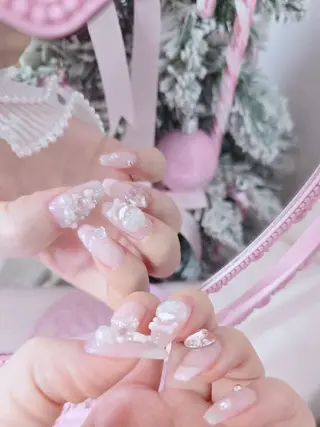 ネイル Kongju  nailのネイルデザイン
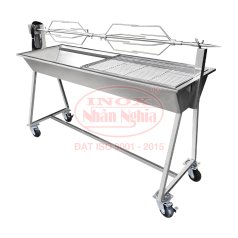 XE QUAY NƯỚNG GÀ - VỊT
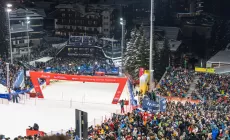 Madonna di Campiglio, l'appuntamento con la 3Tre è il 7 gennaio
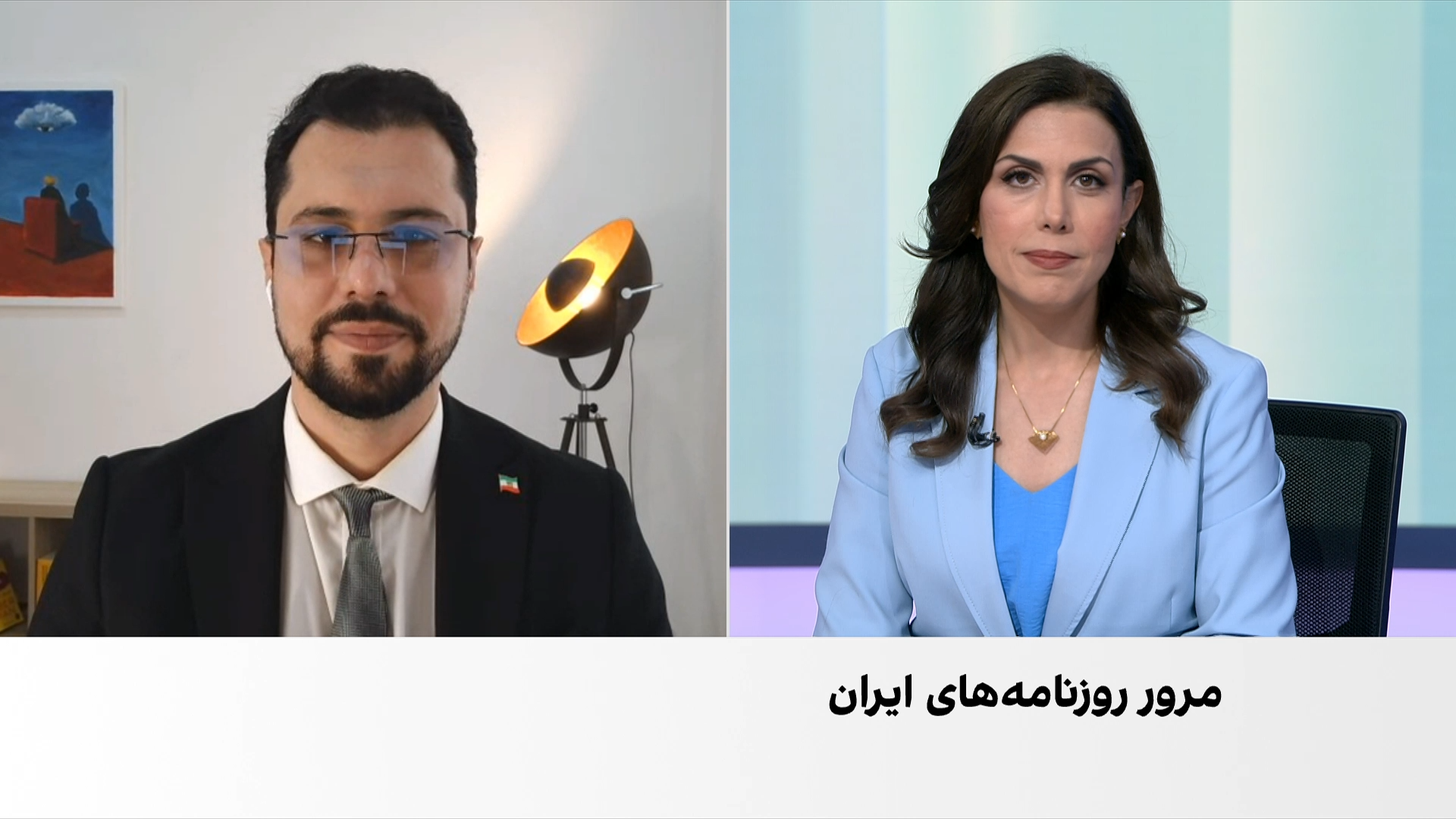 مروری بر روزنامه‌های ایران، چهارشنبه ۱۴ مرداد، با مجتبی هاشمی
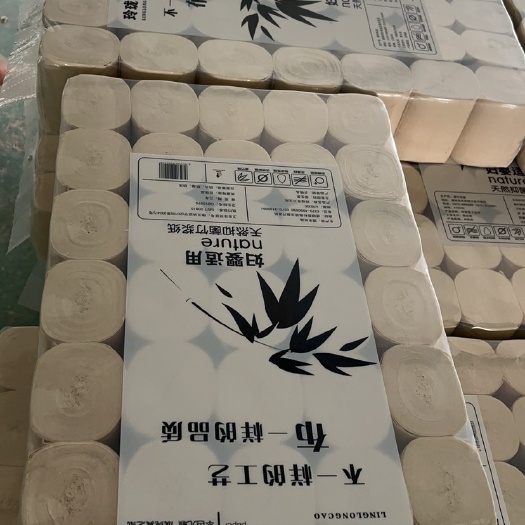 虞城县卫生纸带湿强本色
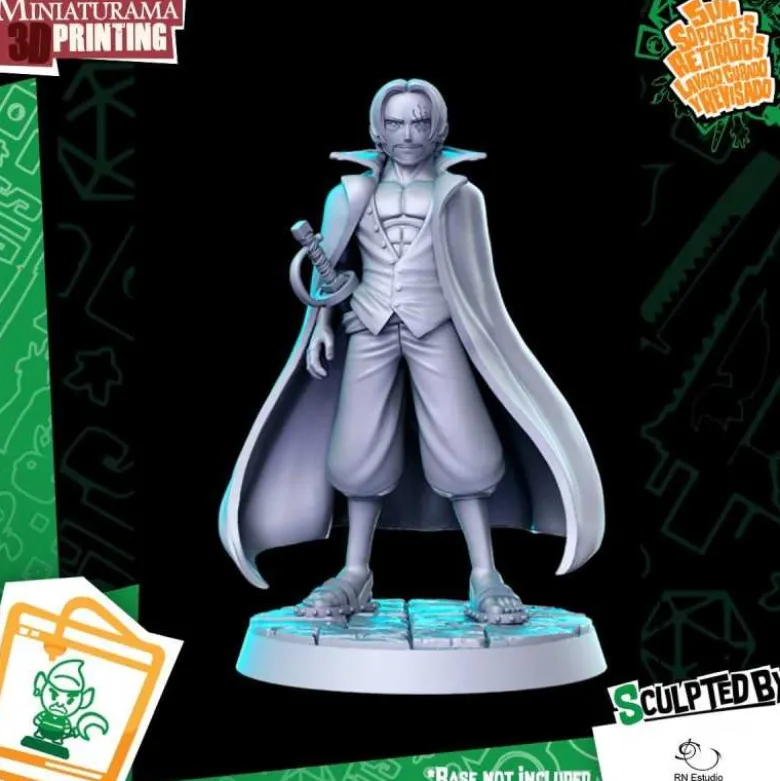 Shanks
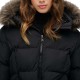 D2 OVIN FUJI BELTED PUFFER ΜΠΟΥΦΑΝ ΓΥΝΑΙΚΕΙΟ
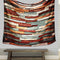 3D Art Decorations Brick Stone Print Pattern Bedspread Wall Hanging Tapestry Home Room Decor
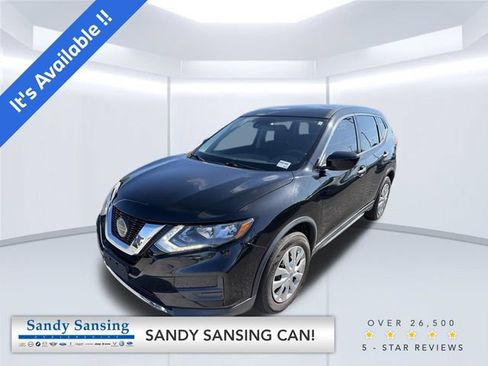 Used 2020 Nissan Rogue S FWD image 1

---

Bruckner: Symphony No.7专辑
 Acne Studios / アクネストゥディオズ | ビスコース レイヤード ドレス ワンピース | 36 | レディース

--

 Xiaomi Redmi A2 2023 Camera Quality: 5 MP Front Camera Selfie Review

*Action item*. Retype the lines above exactly as they appear, from the line containing "XE QUAY NƯỚNG GÀ - VỊT" through the line containing "Used 2020 Nissan Rogue S FWD image 1", and leave out any pictures.

*Response to the exercise*.
 XE QUAY NƯỚNG GÀ - VỊT
 Madonna di Campiglio, l'appuntamento con la 3Tre è il 7 gennaio
 مروری بر روزنامه‌های ایران، چهارشنبه ۱۴ مرداد، با مجتبی هاشمی
 虞城县卫生纸带湿强本色
 Shanks
 D2 OVIN FUJI BELTED PUFFER ΜΠΟΥΦΑΝ ΓΥΝΑΙΚΕΙΟ
 3D Art Decorations Brick Stone Print Pattern Bedspread Wall Hanging Tapestry Home Room Decor
 Used 2020 Nissan Rogue S FWD image 1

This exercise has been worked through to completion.